Laschette and Berbock’s last chance to reverse the trend
This was the only televised debate on the public law TV channels ARD and ZDF ahead of the September 26 Bundestag elections. The candidates will meet for the third and last time on 19 September on the air of the private TV companies ProSieben, SAT.1 und Kabel Eins. Since three parties nominated candidates for chancellor, the competition of political heavyweights was called “triel”.
Television debates usually do not play a decisive role in the elections to the Bundestag. This time their importance increased, since they were considered almost the last chance for Laschet to reverse the trend and save the party from defeat. In pre-election polls, the CDU / CSU bloc ranks second with 20-22 percent, lagging behind the SPD by three to six points. The same applies to Berbock, whose party Union 90 / Greens is in third place in the polls, with 15-17 percent, although in the spring it was in first.
Coalitions and pensions – what the Chancellor candidates talked about
Laschet, from whom the party’s supporters expected more activity, lived up to these expectations. Despite the identical burgundy ties, there was no harmony between him and Scholz. From the first minutes, the Conservative candidate attacked his main rival. He accused him of not wanting to rule out the creation of a coalition with the Left Party, the heir to the Socialists from the GDR, and also criticized him in connection with the recent financial scandals. In some places the “triel” turned into a duel between Scholz and Laschet. The SPD candidate parried the attacks, accusing the opponent of “distorting the facts.” Scholz, on the whole, remained true to his image – an imperturbable, dryish, but competent bureaucrat, for which he was nicknamed “scholzomat” and “robot”.
The hour and a half debates were noticeably more emotional than the previous ones, but in general they looked like a business discussion at a high pace, which was not easy for the layman to understand. They talked, among other things, about the fight against coronavirus, digitalization, global warming, health care reform, taxes, pensions and, very briefly, about migration. Nothing fundamentally new was sounded, no one made mistakes.
In their concluding addresses to voters, the candidates tried to explain their positions as briefly as possible. Laschet said he wants to be the “chancellor of trust,” stressing his unwillingness to impose rules on business and society. Green candidate Berbock called for a breakthrough in the fight against climate change, noting that the new government still has a chance to exert an “active influence” on it. Scholz spoke about solidarity and respect, promised an increase in the minimum wage and stable pensions. The importance of pensions cannot be underestimated – almost 40 percent of German voters are over 60 years old. The race leader used the latest debate to once again present himself as the unofficial heir to Merkel. Scholz said he wanted to “serve” the country as federal chancellor – a similar phrase was repeated by the current head of government.
Not a word about foreign policy
The second televised debate surprised them by ignoring foreign policy topics. The international agenda rarely plays a major role in elections, but its complete absence was unusual.

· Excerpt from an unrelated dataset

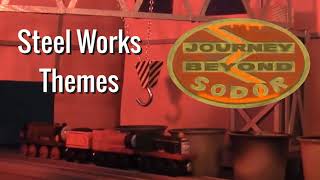 Steel Works Themes- (From Journey Beyond Sodor - How It Should Be)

Neither the situation in Afghanistan, one of the central topics in the first round, nor the future of the European Union, which is often discussed in Germany, nor difficult relations with the leading global players in the United States and China, became the subject of discussion. Not a word was said about Russia, Ukraine or the controversial Nord Stream 2 gas pipeline, the construction of which was recently completed.

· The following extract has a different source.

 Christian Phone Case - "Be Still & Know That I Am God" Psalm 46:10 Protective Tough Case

After the debate, the impression was left that Germany is an island, not connected with the outside world, which deals only with its own problems. This is all the more surprising since the outgoing Chancellor Angela Merkel leaves the country in the role of one of the most influential and respected states in the world, an active participant in global processes. By listening to the contenders for her legacy, voters were unable to assess their views as international politicians. Only the Greens candidate Berbock casually mentioned that she was in favor of a “more active foreign policy.” She may already be trying on the role of Foreign Minister in the government of Chancellor Olaf Scholz.